Lista samochodów, które mają wystąpić w grze, robi wrażenie. Już w tej chwili ujawnionych jest ponad 40 aut, a mówi się, iż razem ma być ich pomiędzy 50 a 100. Ciekawsze nowe modele, to m.in. Pagani Zonda, Audi LeMans Quattro, Shelby GT 500 czy Koenigsegg CCX. Jest jednak coś, co robi większe wrażenie. Mianowicie wprowadzenie podziału wozów na klasy! Na początku przygody z Karbonem opowiemy się po stronie jednej z trzech „szkół” samochodowych: japońskiej, amerykańskiej lub europejskiej i jeździmy tylko autami z danego regionu. W zależności od tego, co wybierzemy, to inaczej wyglądać ma sama gra. Na przykład dostępne będą inne części tuningowe dla każdej z grup lub dane auta mogą gorzej się nadawać do jednego z typów wyścigów. Także samo sterowanie autami ma być całkowicie inne w zależności czy jedziemy „amerykańcem”, czy „japończykiem”. Co ważne, decyzja opowiedzenia się obowiązuje nas przez całą grę, więc przed dokonaniem wyboru będzie się trzeba dobrze zastanowić.
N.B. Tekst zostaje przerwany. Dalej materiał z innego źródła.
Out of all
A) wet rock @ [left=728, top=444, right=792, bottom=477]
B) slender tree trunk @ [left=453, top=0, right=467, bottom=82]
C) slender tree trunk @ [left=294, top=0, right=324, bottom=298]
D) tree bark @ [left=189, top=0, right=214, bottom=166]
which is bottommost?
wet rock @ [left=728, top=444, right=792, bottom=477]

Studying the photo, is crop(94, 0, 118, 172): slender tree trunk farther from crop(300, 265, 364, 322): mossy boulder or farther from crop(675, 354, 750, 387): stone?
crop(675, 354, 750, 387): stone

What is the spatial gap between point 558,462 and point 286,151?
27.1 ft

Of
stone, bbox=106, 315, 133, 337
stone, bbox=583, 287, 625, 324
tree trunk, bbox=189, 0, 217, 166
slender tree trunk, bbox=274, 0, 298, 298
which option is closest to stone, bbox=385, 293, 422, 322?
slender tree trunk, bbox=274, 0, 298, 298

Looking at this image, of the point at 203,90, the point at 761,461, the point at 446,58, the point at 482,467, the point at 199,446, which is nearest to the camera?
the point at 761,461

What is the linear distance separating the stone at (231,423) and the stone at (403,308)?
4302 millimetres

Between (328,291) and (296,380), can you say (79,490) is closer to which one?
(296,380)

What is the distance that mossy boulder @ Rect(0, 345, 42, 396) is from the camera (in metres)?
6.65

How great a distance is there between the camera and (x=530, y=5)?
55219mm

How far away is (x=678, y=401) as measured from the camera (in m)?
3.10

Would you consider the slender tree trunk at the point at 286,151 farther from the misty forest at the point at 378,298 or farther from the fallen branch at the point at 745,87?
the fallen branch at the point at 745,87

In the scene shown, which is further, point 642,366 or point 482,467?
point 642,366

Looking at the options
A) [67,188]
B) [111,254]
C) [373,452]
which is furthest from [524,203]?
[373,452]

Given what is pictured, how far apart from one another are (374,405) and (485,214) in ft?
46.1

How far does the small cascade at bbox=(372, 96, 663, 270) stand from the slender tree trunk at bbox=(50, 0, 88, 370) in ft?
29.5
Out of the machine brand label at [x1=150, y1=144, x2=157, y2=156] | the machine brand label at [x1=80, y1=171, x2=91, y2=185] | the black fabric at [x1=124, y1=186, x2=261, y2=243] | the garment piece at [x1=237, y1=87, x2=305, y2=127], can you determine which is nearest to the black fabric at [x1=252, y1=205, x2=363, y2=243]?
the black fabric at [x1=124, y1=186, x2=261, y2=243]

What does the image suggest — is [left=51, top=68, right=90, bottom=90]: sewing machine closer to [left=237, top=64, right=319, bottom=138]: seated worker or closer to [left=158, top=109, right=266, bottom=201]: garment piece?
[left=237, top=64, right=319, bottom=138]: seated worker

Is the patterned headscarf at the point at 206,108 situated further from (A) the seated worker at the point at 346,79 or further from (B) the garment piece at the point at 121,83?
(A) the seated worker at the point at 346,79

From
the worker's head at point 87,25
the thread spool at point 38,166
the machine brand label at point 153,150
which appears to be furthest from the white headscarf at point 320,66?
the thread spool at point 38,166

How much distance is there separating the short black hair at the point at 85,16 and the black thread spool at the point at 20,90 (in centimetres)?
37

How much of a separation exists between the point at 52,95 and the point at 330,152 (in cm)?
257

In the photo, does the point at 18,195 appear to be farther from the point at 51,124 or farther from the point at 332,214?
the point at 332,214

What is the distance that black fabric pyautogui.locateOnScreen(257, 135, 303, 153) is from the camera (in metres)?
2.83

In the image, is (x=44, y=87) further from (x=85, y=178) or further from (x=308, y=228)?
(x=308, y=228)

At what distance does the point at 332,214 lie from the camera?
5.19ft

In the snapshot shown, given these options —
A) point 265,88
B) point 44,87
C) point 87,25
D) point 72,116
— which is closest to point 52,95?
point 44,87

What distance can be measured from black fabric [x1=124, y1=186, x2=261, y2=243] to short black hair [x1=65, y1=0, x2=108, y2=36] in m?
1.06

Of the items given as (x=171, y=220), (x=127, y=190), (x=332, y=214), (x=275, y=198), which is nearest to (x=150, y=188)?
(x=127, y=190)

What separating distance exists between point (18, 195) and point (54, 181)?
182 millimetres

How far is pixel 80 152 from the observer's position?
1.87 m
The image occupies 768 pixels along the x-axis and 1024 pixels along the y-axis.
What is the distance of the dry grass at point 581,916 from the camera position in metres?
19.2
Tuning, dzięki wprowadzeniu trybu „autosculpture”, nabierze całkowicie nowej jakości. Mianowicie po zakupie części do auta (czy to spoiler, czy alufelgi) możemy w prosty sposób – za pomocą suwaków – zmodyfikować jego wygląd zmieniając stopień nachylenia, wgłębienie, szerokość czy długość poszczególnych elementów. Mimo tego, iż jesteśmy w tym ograniczeni, gdyż suwaki chodzą w danym odgórnie ustalonym zakresie, to i tak tuning nabierze nowego wymiaru.
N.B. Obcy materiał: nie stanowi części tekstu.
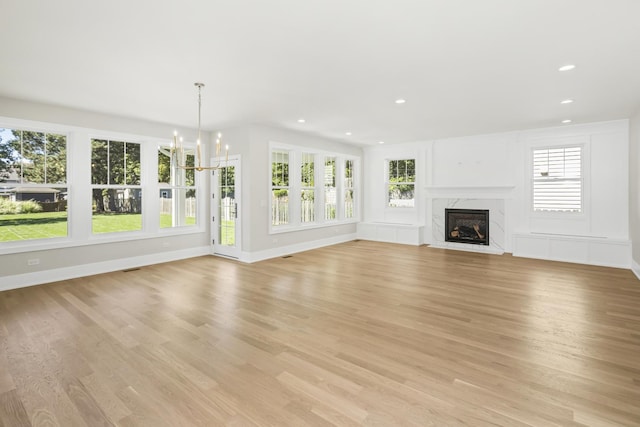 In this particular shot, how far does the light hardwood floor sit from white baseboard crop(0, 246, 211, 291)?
24cm

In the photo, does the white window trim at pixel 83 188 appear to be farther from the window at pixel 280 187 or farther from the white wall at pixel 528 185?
the white wall at pixel 528 185

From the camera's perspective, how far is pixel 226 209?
22.4ft

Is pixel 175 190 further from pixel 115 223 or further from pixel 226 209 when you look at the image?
pixel 115 223

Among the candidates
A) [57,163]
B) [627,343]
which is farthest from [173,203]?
[627,343]

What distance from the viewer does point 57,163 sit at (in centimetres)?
512

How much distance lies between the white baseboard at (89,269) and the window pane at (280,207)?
177 centimetres

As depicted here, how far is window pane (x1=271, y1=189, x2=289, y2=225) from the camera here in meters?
7.10

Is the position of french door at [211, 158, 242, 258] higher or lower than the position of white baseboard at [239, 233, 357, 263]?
higher

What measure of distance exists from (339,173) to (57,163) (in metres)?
6.03

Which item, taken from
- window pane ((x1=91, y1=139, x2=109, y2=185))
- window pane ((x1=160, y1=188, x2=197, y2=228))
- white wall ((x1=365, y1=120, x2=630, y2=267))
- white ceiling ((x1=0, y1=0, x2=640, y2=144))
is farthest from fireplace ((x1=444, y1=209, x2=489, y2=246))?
window pane ((x1=91, y1=139, x2=109, y2=185))

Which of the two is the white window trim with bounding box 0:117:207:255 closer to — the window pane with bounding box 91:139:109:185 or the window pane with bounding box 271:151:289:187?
the window pane with bounding box 91:139:109:185

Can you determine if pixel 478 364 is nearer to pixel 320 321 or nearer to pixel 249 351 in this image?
pixel 320 321

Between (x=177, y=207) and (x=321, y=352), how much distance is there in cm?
513

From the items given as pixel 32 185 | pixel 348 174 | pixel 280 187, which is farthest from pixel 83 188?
pixel 348 174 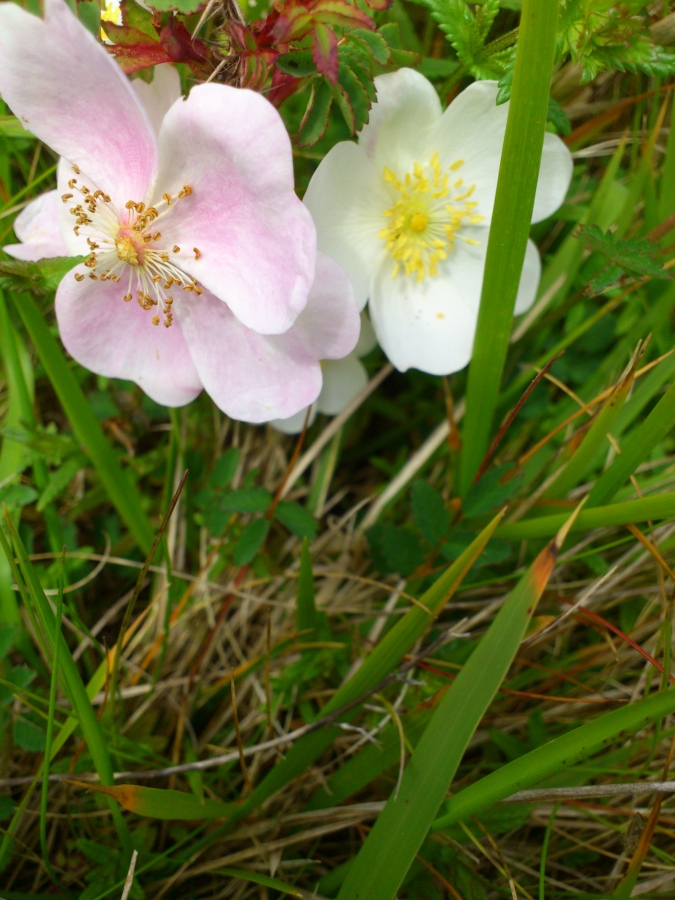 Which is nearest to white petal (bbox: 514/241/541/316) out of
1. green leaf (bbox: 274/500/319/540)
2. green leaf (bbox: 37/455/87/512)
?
green leaf (bbox: 274/500/319/540)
Do gry przy fanfarach i brawach na stojąco wraca drift. Całkowicie odświeżony jest kierowany na jeden z ważniejszych trybów w Need for Speed: Carbon (a ponadto wchodzi na miejsce dragu). Przede wszystkim opracowano dla niego całkowicie nową fizykę, która sprawia, iż poślizgi będą wykonywane przy większej prędkości, nabijając przy tym dużo więcej punktów. Do tego trasę na torach podzielono na strefy – czym bliżej bandy jedziemy, tym więcej punktów zbieramy, ale oczywiście wiąże się to z niebezpieczeństwem łatwiejszego „zmarnowania” wyniku.
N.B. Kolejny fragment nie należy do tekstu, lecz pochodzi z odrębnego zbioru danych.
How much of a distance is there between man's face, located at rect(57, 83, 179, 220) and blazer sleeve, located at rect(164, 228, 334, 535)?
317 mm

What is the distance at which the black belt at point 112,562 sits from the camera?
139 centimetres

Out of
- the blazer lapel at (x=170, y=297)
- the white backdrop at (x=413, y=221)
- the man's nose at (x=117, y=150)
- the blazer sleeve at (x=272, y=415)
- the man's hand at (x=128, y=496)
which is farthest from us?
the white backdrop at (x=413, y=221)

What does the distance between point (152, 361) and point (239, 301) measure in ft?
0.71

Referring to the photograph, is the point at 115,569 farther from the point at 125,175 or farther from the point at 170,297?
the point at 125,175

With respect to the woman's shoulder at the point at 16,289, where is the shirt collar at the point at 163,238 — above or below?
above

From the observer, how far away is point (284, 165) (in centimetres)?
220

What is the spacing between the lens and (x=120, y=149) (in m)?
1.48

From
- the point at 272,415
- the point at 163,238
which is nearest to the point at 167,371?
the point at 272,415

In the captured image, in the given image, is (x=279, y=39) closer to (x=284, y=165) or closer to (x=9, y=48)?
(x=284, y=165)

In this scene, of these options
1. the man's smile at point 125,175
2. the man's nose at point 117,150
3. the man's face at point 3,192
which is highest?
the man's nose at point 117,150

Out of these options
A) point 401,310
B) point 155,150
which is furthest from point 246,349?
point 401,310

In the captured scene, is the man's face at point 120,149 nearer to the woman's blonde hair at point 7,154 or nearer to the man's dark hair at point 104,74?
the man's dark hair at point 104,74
Ostatnim z ważnych zagadnień jest rozgrywka on-line. Twórcy ujawnili niedawno, iż w trybach grania przez sieć, będą obecne tryby, w których kierowcy wcielają się w policję. Na przykład jeden z takowych ma całkiem podobne zasady do knock-out, jednak ostatni kierowca okrążenia nie odpada, a jedynie „staje” się policjantem. Od teraz jego zadaniem jest złapanie ścigających się kierowców. Pomóc ma mu w tym zupełna niewrażliwość na ograniczające trasę wyścigu neonowe bandy – w każdej chwili może pojechać na skróty jak i gdzie tylko mu się spodoba, by dotrzeć na konkretny kawałek trasy szybciej od ścigających się. Naturalnie czym dłużej trwa wyścig, tym więcej jest policjantów – na koniec zostaje tylko jeden kierowca, który zwycięża, jeżeli uda mu się przejechać dwa okrążenia, w momencie gdy wszyscy inni są już stróżami prawa. Takie połączenie Hot Pursuit z Undergroundem.
„Byle do listopada…”
Gra ma być wydana w trzech wersjach: na konsole nowej generacji, PC’ty oraz starsze konsole. Pierwsza z nich ma być zarazem najlepszą, m.in. posiadającą najlepszą grafikę. Gracze komputerowi oprócz gorszej grafik,i muszą liczyć się z brakiem jednej ważnej rzeczy (nie powiedziano jeszcze co to ma być).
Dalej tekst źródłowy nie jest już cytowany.